Many will yawn at the clean sheet and the conservative approach that delivered it but that takes no account of the inherent difficulty of meeting Everton on their own pitch. United had not won at Goodison for more than four years. On that occasion Carlos Tevez and Cristiano Ronaldo were both in the line-up. Ryan Giggs was a mere 33 and Paul Scholes had probably not given a thought to retirement.
Ferguson no longer has assets of that nature and even Wayne Rooney, despite the tally of 11 goals for the club this season, does not visit quite so much terror on opponents as he did in his carefree youth. Such factors would be poignant were it not for the fact that United continue to be formidable and, if any side can track down City, it is likely to be Ferguson's.
Grimness is in the repertoire. On Saturday United were not so much compelled to defend as designed to do so. They could take that approach with complete confidence because Nemanja Vidic was fit to return to the middle of the back four. "We don't want to go without our captain," said the right-back Phil Jones. "His grit and determination rubs off on everyone else."
United had steeliness in all areas. Rather than playing just behind the centre-forward Javier Hernández, Rooney looked more like a central midfielder. By the same token Darren Fletcher sat so deep that he could have been applying for the post of centre-half. Well before the end he got the job. United understood that sheer numbers would deny an Everton side lacking penetration.
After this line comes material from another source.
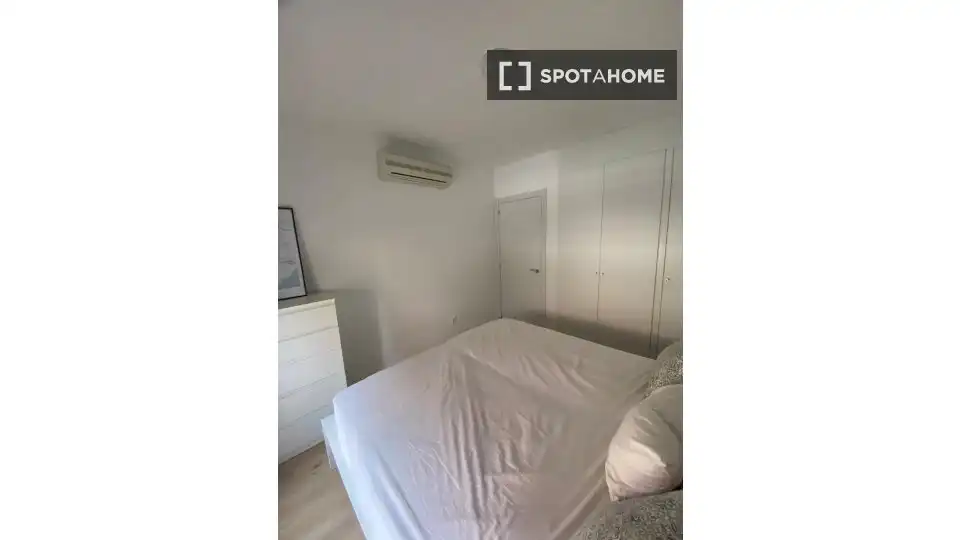 Schlafzimmer von Wohnung zur Miete in Madrid mit Klimaanlage, Heizung und Möbliert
This caution might have seemed excessive in a period when these opponents do not look so flinty and, at the weekend, had to do without the injured defender Sylvain Distin. Even so, this was not a moment for whatever gusto does still exist in the ranks. Ferguson's attitude was set out on the team sheet, where a diligent type such as Park Ji-sung had a place and Anderson, so lacking in resistance to City, was not accommodated even on the bench.
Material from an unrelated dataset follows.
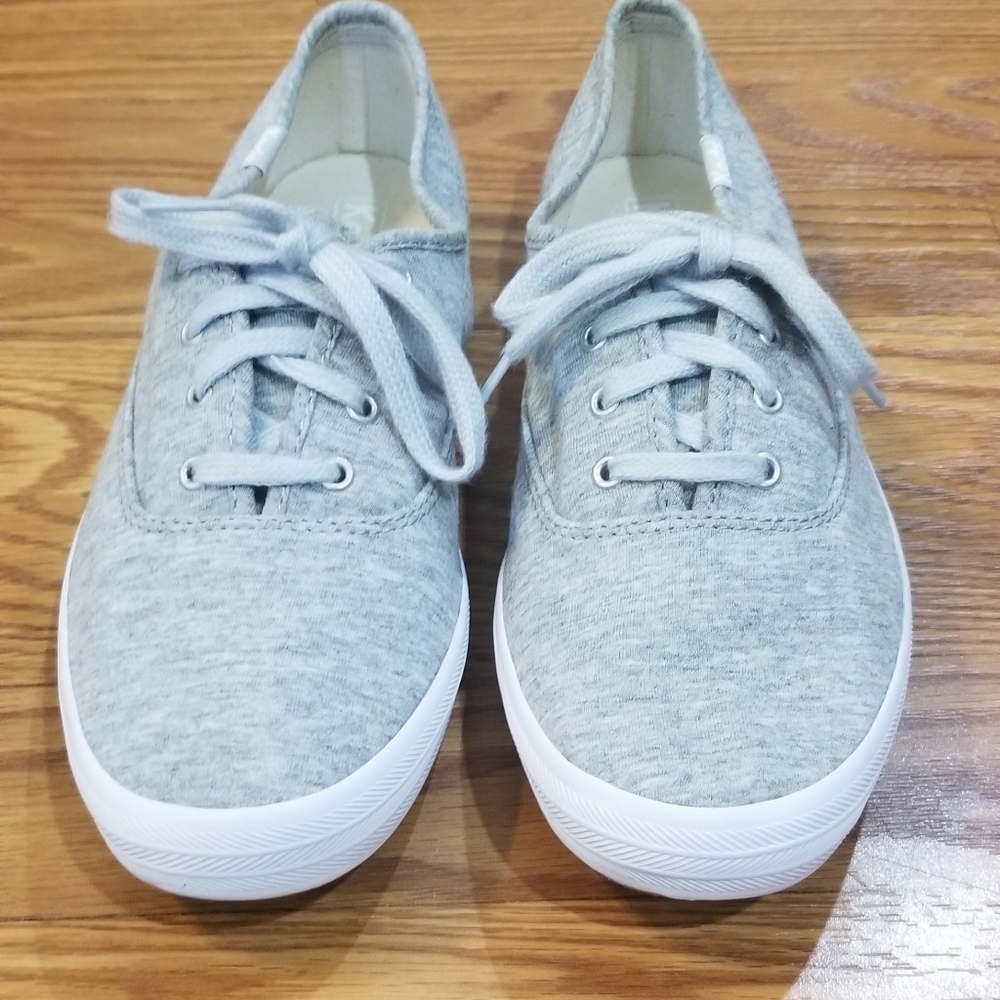 NWOT Keds gray sneakers. Size 9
The United manager is so adroit that people can underestimate the concerns he faces. It could be said, for instance, that Rio Ferdinand was demoted to the post of unused substitute but the wider issue is his capacity, at 33, to reach the levels of durability and fitness that are essential. Jonny Evans did well in his place and, though the defender had been swamped by City before being sent off, there is no cause to mistrust him against the more mundane sides.
The Everton manager, David Moyes, had a professional's appreciation for watertight United. "I think the aim of today was to get the job done," he said. "They came here and they stopped us scoring. I'm sure they will think they can play better but they have got a clean sheet and it is a good starting point for them.
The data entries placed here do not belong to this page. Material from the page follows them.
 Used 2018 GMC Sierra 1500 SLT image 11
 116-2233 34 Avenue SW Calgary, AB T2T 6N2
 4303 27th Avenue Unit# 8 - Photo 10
"There will be spells in the season when you are not quite at your best. How do you get a win? How do you get through it? Maybe United are going through one of those spells now. It's how you come out of it. In the past United have tended to come out of it and they go on and win the league."
It was gentlemanly of Moyes to ponder the opposition when he has quite enough to think about at Everton. Leighton Baines came close to equalising when he hit the bar with a free-kick and the United goalkeeper David de Gea was in action now and again but there was nothing so sharp as the break on the left from United that culminated in Hernández turning home a low cross from Patrice Evra in the 19th minute.
Although there are topics that tend to be avoided in the interests of preserving the image of the Premier League, Moyes was briefly frank about the real differences of circumstance. "I find it hard to say and I hate myself for saying it," he admitted, "but the bit we were missing needs money to buy it. That's the thing. The outstanding scorers and creators are out of the price range of most clubs and even United have to be careful with their money by comparison with City."
Ferguson has paid high fees in his time and, while he may be outspent by the current League leaders, the manager, like Moyes, will go on making the most of the means at his disposal.